━━━ Given records ━━━

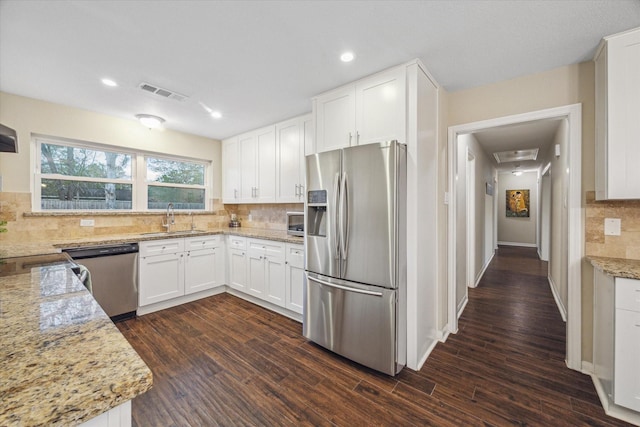 101 Royal Ct, Friendswood, TX 77546 - kitchen featuring appliances with stainless steel finishes, a sink, tasteful backsplash, white cabinets, and recessed lighting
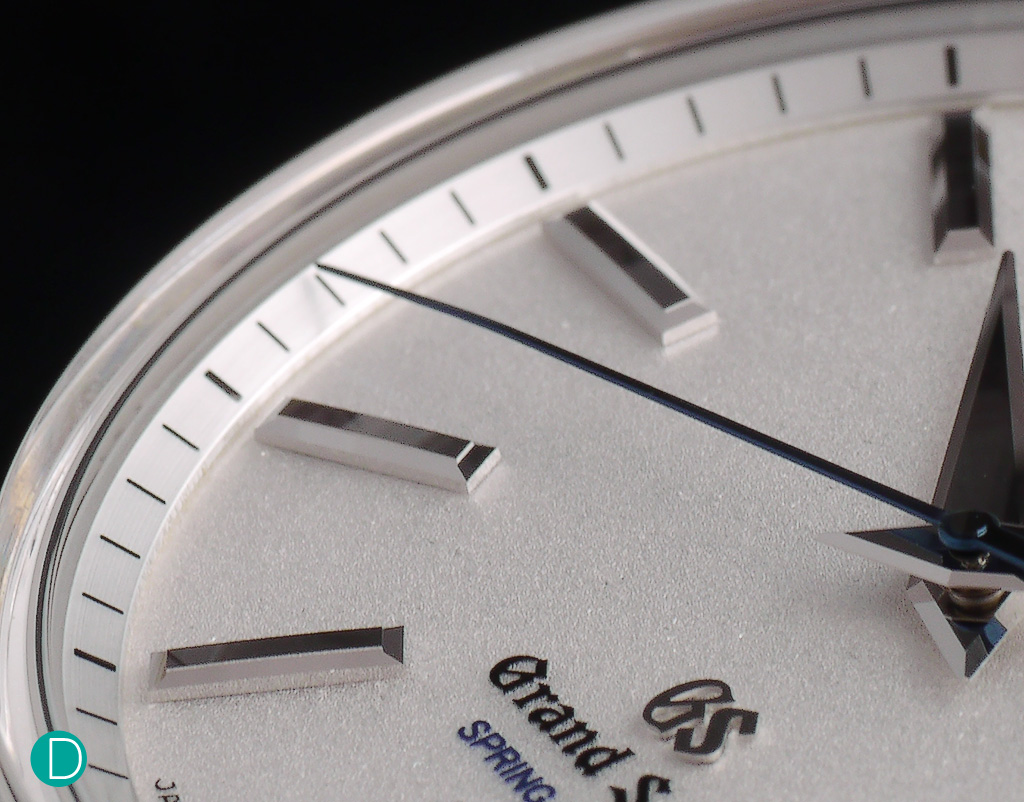 The seconds hand is long and elegant, and is hand rolled so that it is closer to the dial at its end to reduce parallax error.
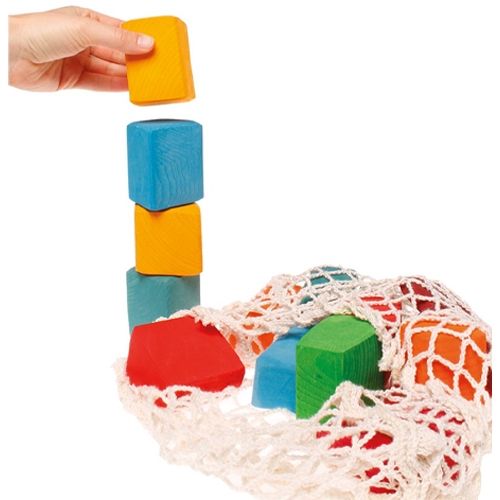 Een hand stapelt kleurrijke Grimm's abstracte houten bouwblokken, met een netje vol blokken ernaast.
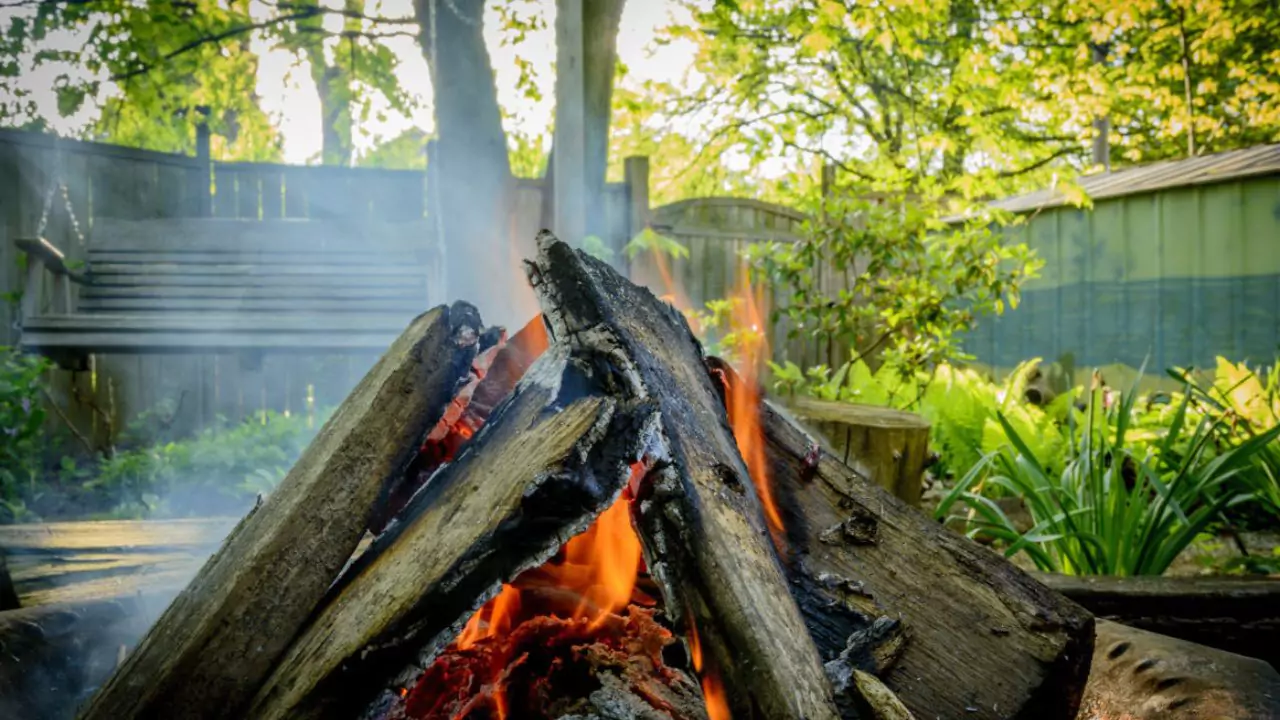 Caution When Using Lava Rock in a Fire Pit 6 Burning wood in a garden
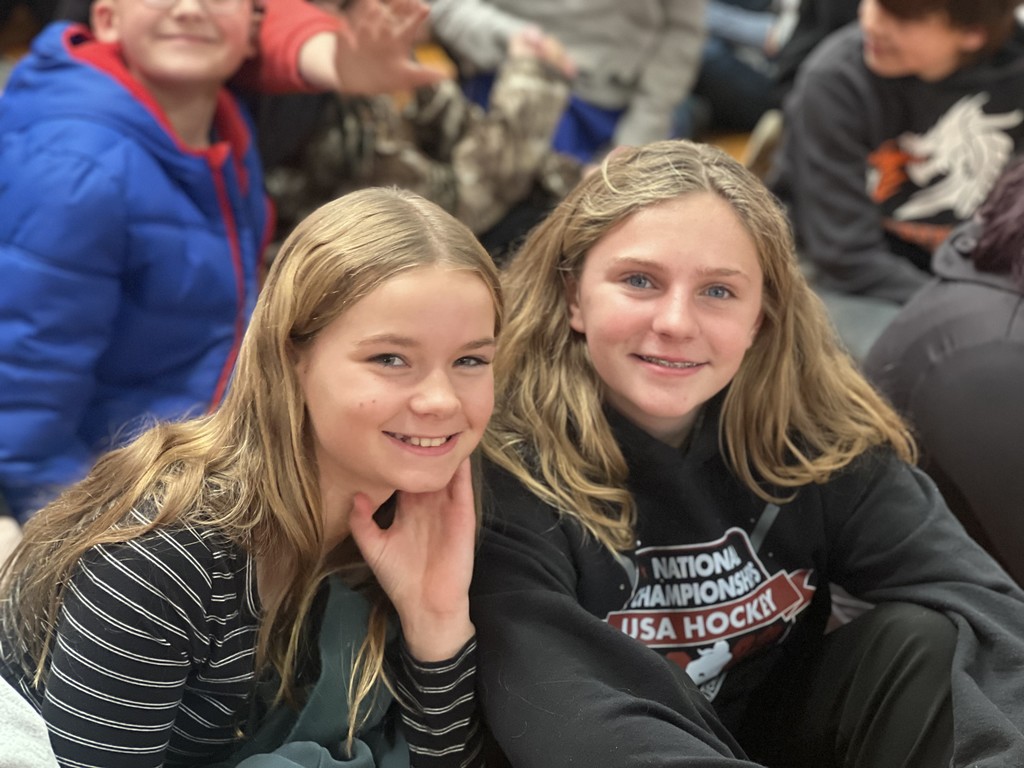 Two students sitting on gym floor at assembly.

━━━

**Assignment**
Repeat all entries exactly, pictures excluded.

**Worked solution**
 101 Royal Ct, Friendswood, TX 77546 - kitchen featuring appliances with stainless steel finishes, a sink, tasteful backsplash, white cabinets, and recessed lighting
 The seconds hand is long and elegant, and is hand rolled so that it is closer to the dial at its end to reduce parallax error.
 Een hand stapelt kleurrijke Grimm's abstracte houten bouwblokken, met een netje vol blokken ernaast.
 Caution When Using Lava Rock in a Fire Pit 6 Burning wood in a garden
 Two students sitting on gym floor at assembly.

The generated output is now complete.